Grandma paused for breath, and let Felix take up the familiar tale.
“And the Ellicksenders’ house,” recited Felix, with gusto, “was no better than a den of thieves.”
“Yes, and jest then I heard Aunt Car’line callin’, and back I flew to the haouse. And when she said, ‘Why, Lydia Fairlee, where is the rest of the porringer?’—oh, my, wa’n’t I scairt? I hope it will be a lesson to you, Felix, the way I was too scairt to tell the hull truth. I was scairt o’ bein’ punished, so I told a part-truth, which is a near-lie, same as some boys I know of.”
Felix reddened, and deemed it wise to advance the story as hurriedly as possible. “You told her you put it up onto the porch, careful as anything—”
“Yes, but I didn’t dass tell her Rover hed snatched the porringer, and was carryin’ it straight as a streak o’ lightnin’ to the Ellicksender boys. No, sir, as long as I was in my right mind, I never owned up a syllable of it to anybody!” A note of sinful triumph rang in the old lady’s voice. “’Twa’n’t till two years later it all came out. I hed scarlet fever, and was dretful deleerious, and raved a lot about Rover and the porringer and the Ellicksender haouse; so Aunt Car’line knew at last jest what happened. That sickness spared me the rod, I guess!” Grandma chuckled at the thought of this immunity, but at once recollected herself. “No, Felix, ’tain’t any use.
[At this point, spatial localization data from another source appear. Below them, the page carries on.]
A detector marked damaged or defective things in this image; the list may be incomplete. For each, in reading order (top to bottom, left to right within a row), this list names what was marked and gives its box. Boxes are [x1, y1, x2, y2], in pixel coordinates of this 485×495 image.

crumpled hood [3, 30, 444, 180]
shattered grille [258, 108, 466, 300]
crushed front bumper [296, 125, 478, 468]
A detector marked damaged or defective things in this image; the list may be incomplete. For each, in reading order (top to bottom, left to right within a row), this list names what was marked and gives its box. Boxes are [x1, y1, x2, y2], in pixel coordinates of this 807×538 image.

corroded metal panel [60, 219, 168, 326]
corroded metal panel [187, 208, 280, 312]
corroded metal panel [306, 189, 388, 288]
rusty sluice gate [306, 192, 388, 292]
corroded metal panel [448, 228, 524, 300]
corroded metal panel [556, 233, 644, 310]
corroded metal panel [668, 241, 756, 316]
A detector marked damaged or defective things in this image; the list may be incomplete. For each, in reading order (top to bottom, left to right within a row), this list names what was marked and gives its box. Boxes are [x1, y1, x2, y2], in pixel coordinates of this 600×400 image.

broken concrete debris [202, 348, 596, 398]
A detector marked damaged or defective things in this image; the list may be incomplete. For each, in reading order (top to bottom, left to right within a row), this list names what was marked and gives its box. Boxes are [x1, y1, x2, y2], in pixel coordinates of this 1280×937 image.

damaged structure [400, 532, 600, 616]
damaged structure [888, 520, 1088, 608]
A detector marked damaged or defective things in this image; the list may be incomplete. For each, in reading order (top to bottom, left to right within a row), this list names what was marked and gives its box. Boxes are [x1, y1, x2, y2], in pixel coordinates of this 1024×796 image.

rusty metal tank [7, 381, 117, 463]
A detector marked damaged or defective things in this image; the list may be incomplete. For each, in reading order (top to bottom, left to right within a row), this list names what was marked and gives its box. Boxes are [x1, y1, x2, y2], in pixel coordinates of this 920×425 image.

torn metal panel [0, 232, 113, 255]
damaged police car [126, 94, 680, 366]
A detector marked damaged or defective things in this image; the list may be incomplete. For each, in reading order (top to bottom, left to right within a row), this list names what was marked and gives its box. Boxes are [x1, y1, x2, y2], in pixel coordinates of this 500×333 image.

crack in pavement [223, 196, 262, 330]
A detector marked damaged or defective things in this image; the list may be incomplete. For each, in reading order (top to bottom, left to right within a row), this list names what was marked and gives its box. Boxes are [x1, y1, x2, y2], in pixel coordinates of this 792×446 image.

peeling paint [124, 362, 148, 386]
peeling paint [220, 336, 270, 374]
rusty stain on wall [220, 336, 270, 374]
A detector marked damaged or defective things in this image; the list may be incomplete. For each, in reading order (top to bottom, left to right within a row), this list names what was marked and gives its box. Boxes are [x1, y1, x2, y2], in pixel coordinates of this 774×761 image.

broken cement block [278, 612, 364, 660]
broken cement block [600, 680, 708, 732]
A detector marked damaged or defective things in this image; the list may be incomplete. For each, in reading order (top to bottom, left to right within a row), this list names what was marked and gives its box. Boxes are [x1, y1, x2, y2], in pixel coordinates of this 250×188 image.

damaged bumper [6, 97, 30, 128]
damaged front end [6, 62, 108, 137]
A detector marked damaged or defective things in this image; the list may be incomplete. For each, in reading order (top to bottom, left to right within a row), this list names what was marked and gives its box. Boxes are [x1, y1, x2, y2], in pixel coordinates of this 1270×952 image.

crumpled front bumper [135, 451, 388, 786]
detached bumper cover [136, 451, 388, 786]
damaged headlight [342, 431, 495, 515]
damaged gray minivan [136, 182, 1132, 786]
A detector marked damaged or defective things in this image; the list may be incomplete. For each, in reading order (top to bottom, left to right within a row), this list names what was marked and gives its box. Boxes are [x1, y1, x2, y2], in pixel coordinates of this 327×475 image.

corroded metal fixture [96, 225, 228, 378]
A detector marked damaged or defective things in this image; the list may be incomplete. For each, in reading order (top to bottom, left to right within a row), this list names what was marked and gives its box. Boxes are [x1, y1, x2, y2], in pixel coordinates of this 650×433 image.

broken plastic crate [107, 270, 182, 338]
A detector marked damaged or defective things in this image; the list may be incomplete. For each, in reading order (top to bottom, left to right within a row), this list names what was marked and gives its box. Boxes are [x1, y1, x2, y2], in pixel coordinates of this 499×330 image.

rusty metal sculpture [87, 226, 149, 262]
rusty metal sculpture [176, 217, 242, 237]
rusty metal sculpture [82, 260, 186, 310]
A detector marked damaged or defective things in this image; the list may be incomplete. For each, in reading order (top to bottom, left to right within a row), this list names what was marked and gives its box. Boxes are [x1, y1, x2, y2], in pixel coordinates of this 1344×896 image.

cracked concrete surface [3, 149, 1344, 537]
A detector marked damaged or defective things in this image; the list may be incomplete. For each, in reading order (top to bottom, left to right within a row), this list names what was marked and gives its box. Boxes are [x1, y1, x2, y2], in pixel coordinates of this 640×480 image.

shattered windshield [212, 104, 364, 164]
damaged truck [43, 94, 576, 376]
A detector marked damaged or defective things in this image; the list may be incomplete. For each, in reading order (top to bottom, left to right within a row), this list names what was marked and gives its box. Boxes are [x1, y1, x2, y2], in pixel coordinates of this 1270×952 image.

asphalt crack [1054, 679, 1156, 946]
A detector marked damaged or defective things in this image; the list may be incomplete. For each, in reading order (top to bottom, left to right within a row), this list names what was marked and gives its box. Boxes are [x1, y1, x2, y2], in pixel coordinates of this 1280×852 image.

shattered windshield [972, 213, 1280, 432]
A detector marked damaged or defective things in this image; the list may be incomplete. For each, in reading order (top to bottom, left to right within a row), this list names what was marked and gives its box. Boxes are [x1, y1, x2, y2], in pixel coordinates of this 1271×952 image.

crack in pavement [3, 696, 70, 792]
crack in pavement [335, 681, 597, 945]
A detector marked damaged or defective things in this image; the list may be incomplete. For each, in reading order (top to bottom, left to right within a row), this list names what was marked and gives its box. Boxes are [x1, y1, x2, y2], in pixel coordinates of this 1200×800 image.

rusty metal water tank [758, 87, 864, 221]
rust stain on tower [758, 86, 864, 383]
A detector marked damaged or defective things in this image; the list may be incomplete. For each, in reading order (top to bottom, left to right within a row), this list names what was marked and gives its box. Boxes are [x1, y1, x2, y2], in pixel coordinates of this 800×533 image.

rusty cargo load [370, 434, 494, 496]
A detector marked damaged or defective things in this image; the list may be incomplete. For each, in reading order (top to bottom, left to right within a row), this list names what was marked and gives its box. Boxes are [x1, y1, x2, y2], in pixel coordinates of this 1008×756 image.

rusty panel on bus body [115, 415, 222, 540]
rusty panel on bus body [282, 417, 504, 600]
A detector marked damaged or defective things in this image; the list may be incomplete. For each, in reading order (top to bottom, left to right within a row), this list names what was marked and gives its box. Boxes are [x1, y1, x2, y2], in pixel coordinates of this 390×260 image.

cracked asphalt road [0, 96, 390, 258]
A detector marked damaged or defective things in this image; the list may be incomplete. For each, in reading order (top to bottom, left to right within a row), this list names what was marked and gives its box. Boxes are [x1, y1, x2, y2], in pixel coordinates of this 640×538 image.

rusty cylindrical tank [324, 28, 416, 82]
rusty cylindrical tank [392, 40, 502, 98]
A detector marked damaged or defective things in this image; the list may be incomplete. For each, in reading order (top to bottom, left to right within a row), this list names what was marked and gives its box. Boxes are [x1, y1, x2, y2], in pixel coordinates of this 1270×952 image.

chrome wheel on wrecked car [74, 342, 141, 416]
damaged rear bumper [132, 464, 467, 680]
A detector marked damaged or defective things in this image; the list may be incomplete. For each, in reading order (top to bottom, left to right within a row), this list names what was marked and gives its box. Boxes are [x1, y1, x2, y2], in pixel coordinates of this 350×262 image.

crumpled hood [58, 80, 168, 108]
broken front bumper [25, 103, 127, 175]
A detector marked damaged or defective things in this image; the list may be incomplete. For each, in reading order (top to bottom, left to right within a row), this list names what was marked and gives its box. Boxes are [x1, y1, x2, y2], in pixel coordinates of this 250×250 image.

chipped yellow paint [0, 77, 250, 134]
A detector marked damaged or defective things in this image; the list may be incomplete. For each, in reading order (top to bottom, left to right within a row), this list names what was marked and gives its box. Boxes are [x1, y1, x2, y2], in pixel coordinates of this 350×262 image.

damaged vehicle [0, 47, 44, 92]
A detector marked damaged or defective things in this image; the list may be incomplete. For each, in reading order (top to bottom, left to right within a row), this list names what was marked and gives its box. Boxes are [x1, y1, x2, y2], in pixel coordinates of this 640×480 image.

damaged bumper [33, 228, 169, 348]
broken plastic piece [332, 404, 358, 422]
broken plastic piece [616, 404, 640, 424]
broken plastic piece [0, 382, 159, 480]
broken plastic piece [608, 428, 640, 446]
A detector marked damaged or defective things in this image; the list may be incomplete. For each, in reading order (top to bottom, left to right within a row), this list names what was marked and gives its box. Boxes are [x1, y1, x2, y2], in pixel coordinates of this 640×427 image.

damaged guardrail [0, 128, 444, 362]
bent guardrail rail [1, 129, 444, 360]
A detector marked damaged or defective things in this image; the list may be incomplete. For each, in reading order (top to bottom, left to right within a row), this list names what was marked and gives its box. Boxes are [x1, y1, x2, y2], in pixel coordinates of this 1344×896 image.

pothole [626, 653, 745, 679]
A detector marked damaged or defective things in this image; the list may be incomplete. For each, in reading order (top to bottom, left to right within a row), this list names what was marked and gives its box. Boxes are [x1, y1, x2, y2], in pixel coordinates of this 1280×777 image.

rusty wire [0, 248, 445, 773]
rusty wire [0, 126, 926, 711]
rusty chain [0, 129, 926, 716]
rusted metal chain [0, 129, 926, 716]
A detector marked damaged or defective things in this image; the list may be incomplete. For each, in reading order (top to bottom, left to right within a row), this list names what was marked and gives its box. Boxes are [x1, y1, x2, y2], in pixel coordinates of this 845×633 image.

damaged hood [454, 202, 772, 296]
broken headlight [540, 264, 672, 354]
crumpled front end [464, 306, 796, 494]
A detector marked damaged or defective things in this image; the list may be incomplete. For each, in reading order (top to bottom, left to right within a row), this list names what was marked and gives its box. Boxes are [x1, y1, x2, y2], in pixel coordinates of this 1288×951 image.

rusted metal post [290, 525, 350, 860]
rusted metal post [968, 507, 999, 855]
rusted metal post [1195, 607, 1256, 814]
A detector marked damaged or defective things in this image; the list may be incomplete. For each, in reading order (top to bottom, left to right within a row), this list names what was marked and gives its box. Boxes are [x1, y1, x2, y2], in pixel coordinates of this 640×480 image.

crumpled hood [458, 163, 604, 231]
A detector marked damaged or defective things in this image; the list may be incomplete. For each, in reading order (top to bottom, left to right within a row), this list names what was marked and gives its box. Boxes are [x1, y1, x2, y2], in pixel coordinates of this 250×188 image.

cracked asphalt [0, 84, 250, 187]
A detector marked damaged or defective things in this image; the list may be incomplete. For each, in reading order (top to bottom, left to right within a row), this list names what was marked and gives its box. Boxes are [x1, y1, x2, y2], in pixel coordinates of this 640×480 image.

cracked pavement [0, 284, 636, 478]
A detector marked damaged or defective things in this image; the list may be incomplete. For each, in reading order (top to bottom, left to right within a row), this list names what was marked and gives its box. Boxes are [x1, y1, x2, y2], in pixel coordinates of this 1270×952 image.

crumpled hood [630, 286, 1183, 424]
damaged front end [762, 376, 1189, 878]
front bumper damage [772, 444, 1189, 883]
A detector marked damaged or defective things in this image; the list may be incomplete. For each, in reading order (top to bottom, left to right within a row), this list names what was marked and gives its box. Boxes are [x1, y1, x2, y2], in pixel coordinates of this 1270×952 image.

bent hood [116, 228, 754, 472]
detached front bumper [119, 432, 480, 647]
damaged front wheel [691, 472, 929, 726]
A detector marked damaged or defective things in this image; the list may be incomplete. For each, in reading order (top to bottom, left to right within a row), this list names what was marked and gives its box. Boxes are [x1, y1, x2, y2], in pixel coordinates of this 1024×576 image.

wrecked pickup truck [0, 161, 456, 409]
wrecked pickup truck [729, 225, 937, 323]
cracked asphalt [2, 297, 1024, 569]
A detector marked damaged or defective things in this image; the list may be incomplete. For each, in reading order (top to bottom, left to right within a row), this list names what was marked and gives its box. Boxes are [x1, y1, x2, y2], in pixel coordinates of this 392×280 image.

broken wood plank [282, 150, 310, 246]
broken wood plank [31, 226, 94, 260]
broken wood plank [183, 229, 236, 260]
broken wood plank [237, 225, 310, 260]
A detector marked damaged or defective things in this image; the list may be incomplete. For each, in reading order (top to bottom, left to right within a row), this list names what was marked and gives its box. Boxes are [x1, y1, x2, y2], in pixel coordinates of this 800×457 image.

Be sure your sin will find you out.”
Again Felix squirmed away from any impending moral, mentally making a note to the effect that he must study ways to avoid scarlet fever, if not actual sin.
“But of course ’twas too late then to accuse the Ellicksenders. And one o’ them, the wust one, hed died in jail, anyhow; so you see, Felix, if he did take that porringer, his sin found him out, too. The youngest boy turned out real good, it seems. Grew up to be a minister, real celebrated, too. Some younger’n me, he was.”
But the career of the boy who “turned out real good” had no vital interest for Felix. His thoughts wandered toward the “wust one,” the one who died in jail. Not that he himself wanted to die in jail; far from it. But he certainly did not want to grow up to be a minister, either; and he hoped in his secret heart that there might be some middle course. A most determined little fellow was Felix. That day, while listening to one half of the porringer story, and repeating the other, he made up his mind that when he should reach man’s estate, he would get to the bottom of this Lafayette business.